*** Extracted material ***
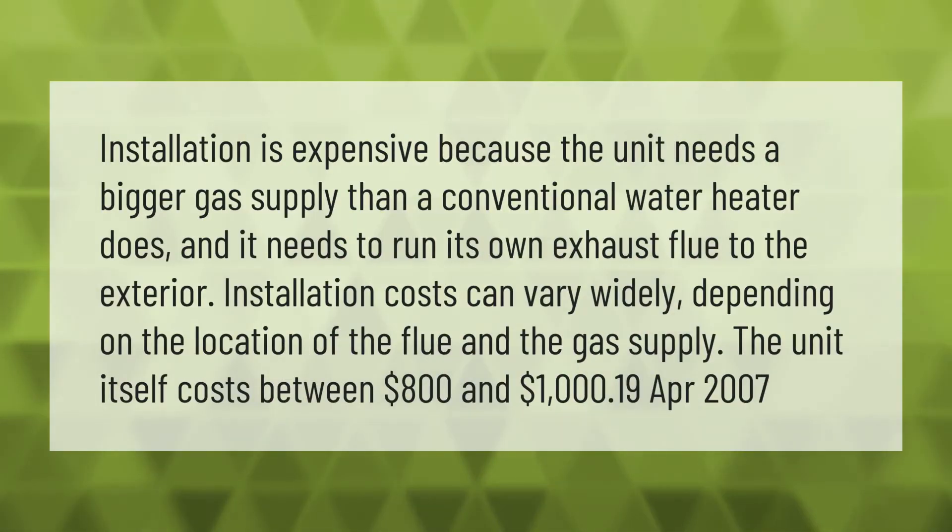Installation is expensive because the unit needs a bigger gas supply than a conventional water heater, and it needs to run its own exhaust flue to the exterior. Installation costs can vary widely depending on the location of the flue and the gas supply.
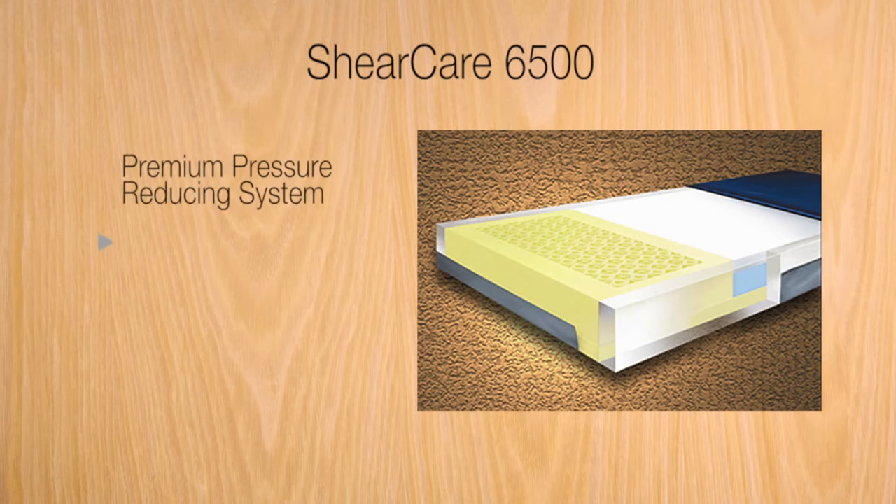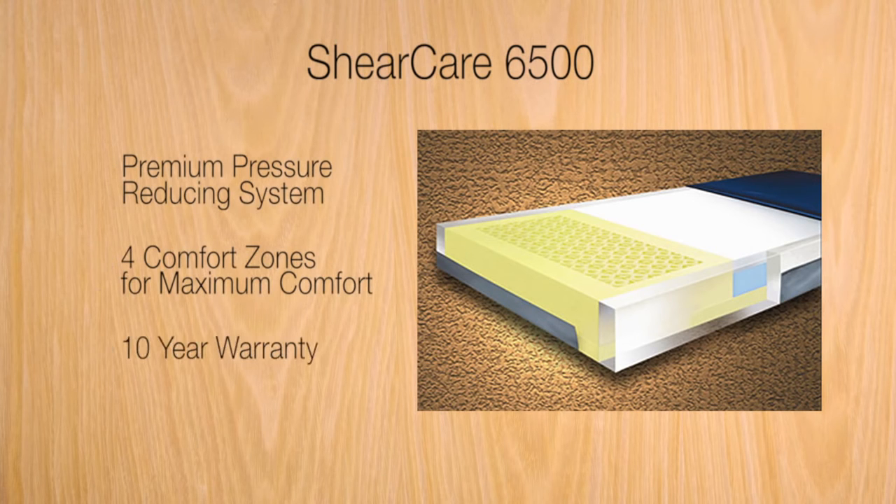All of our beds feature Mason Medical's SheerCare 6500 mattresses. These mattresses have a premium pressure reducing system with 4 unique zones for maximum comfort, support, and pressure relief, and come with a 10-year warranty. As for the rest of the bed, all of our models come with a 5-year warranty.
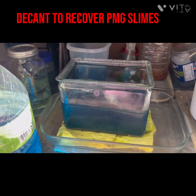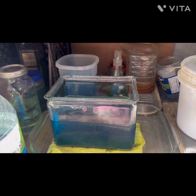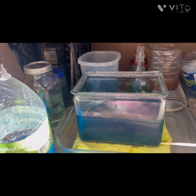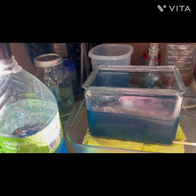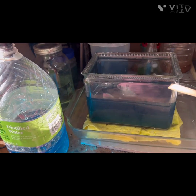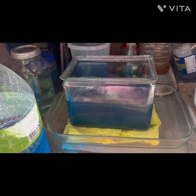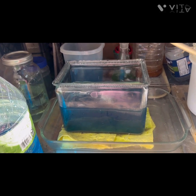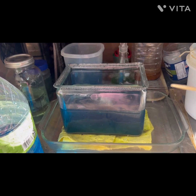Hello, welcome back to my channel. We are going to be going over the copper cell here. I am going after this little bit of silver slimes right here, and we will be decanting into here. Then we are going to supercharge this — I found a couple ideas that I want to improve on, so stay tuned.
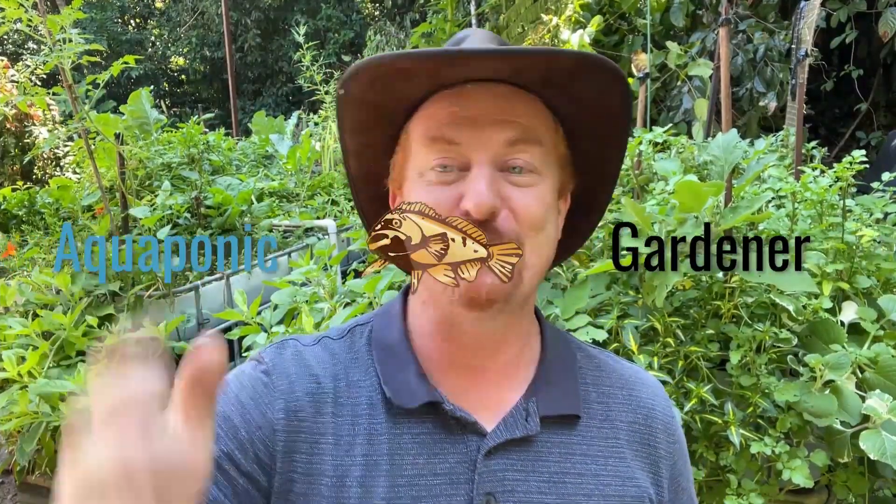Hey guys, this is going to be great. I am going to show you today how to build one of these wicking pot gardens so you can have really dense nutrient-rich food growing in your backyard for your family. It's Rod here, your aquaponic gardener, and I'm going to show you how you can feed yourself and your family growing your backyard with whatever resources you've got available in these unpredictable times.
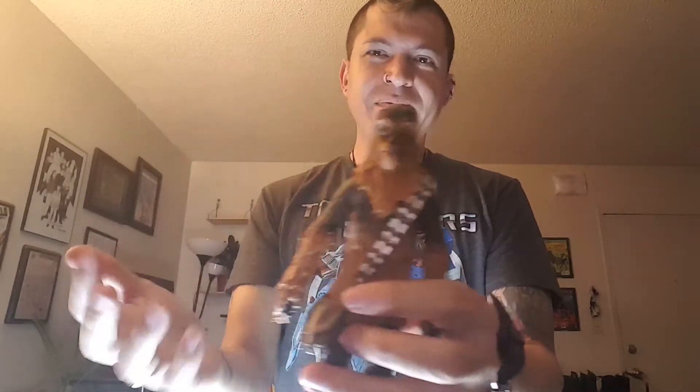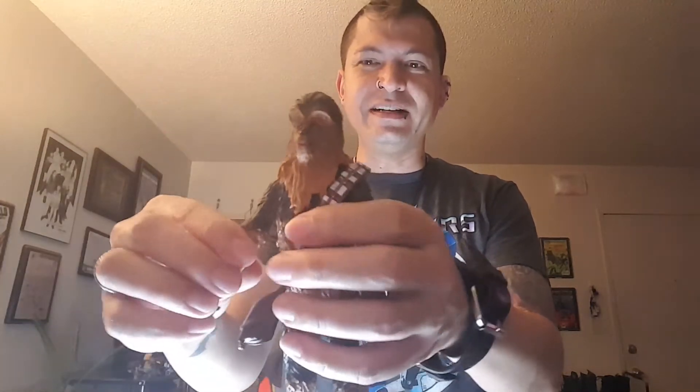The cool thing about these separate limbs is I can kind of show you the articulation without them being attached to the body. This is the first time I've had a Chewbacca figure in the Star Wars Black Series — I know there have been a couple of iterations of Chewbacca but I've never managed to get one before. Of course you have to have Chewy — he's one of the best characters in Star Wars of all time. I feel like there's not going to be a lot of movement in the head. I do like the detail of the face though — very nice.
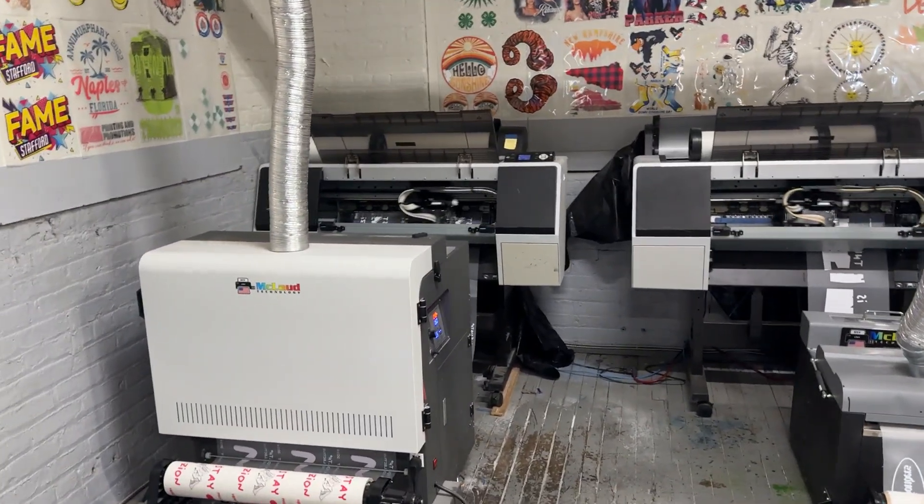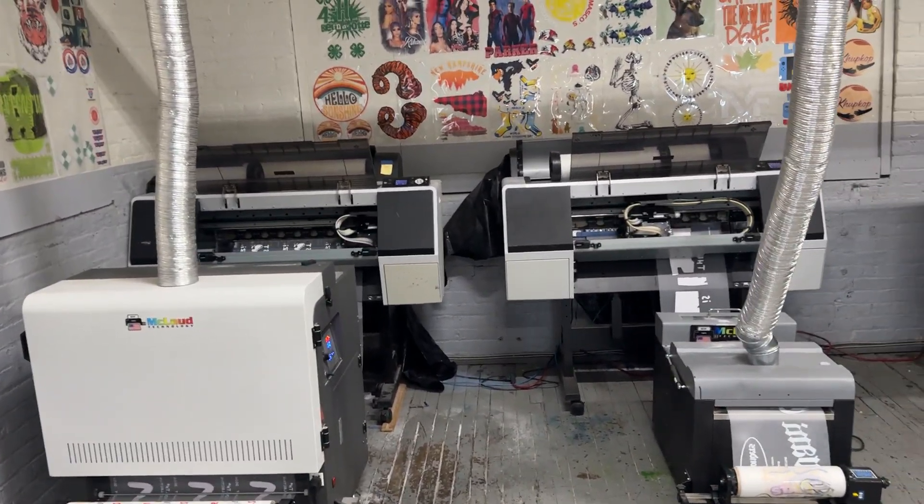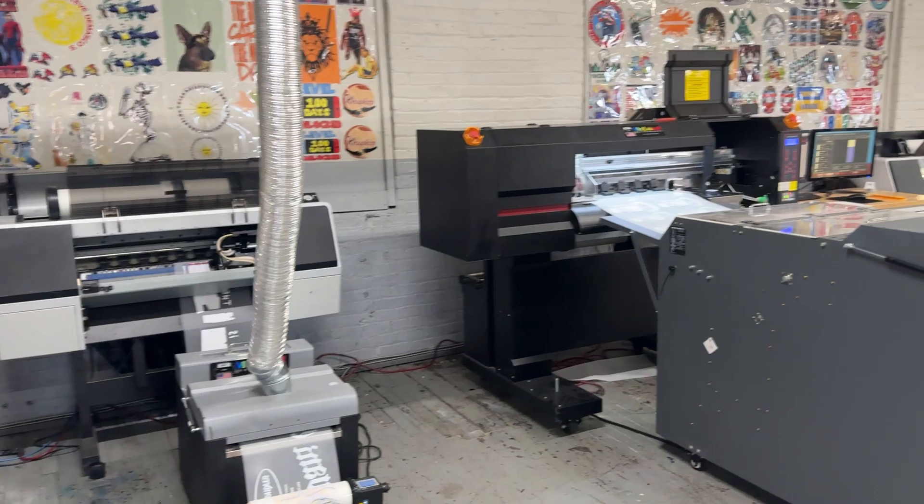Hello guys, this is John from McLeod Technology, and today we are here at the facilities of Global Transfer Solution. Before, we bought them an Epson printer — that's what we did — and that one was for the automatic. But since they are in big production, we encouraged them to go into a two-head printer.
*** End of Extracted material ***
■ **What the task requires**
Skip every picture, and restate word for word only the lines above from the line containing "Hello, welcome back" to the line containing "Hey guys, this", both of them included.

■ **Response to this exercise**
Hello, welcome back to my channel. We are going to be going over the copper cell here. I am going after this little bit of silver slimes right here, and we will be decanting into here. Then we are going to supercharge this — I found a couple ideas that I want to improve on, so stay tuned.
Hey guys, this is going to be great. I am going to show you today how to build one of these wicking pot gardens so you can have really dense nutrient-rich food growing in your backyard for your family. It's Rod here, your aquaponic gardener, and I'm going to show you how you can feed yourself and your family growing your backyard with whatever resources you've got available in these unpredictable times.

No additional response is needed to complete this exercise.